Norma contemplates murdering her children, but decides that she will entrust them to Adalgisa’s care if she marries Pollione and leaves with him for Rome. Adalgisa refuses, saying she will try and persuade Pollione to return to Norma. Oroveso informs the Gauls that an even more harsh pro-consul is to replace Pollione. Norma must guide them as to how to act. She learns that Adalgisa has failed to change Pollione’s mind.

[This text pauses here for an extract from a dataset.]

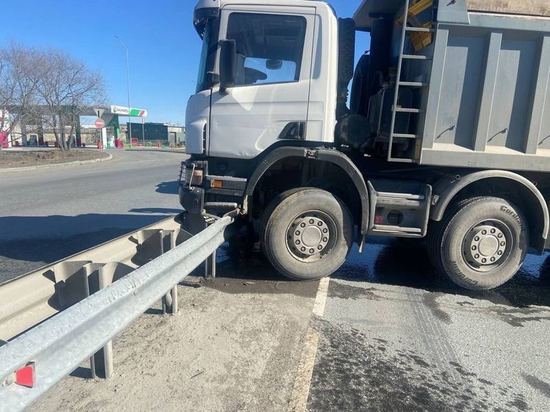 В Челябинске грузовик врезался в отбойник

Norma summons the Gauls as Pollione is captured trying to abduct Adalgisa from the temple. He will be sacrificed. She demands to speak to him alone, but he refuses to renounce his new love and is willing to die for it. Norma instructs the Gauls to build a pyre for a guilty priestess – herself. Pollione’s admiration for her is suddenly re-kindled and he joins her in death, once Norma has persuaded Oroveso to care for her children, her last request.
Look out for…
Norma is full of classic encounters through duets and trios. The most famous aria is ‘Casta diva’ with its long, high and sustained lines floating over an exquisite undulating string figure with flute overlay – it requires great focus, technique and skill from the soprano. The scene where Norma deliberates on the fate of her offspring is a melancholic solo with sparing orchestral input that really allows the soprano full rein to hold the stage.

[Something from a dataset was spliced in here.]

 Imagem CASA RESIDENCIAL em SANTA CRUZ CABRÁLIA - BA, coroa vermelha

Although the role of Adalgisa was also written for a soprano, modern-day casting often gives the role to a mezzo for contrast, and it is the glorious duets between the two ladies that provide the great thrills.
Pollione is not considered a grateful role, he is basically a self-centred philanderer with few redeeming features. He does get an early aria in which he recounts a dream/nightmare of approaching the altar of Venus to marry Adalgisa only to hear voices proclaiming Norma’s vengeance. He is also a critical presence in the conclusion of the first Act. The role of Oroveso has some moments for the bass of the day to thunder impressively.
Bellini’s music is often at its most profound the simpler it gets, and Norma provides some telling examples of the power of this economy. There are stock operatic conventions at play too, but the contrasts keep the work both compelling and intriguing.
Who’s in it?
Carlo Rizzi conducts and Sondra Radvanovsky, an intensely dramatic performer with a rich and agile voice, is Norma, and is no stranger to the demanding role. The thought of her performing with another brilliant singing-actress, Joyce DiDonato, is inspiring. This pairing could become as legendary as Joan Sutherland and Marilyn Horne. Joseph Calleja essays Pollione, a part to which he brings great distinction. Oroveso is sung by Matthew Rose. This new production is directed by Sir David McVicar.
When’s it on?
If you are in New York City then the matinee is live at the Met itself. Otherwise it is broadcast to cinemas on Saturday October 7.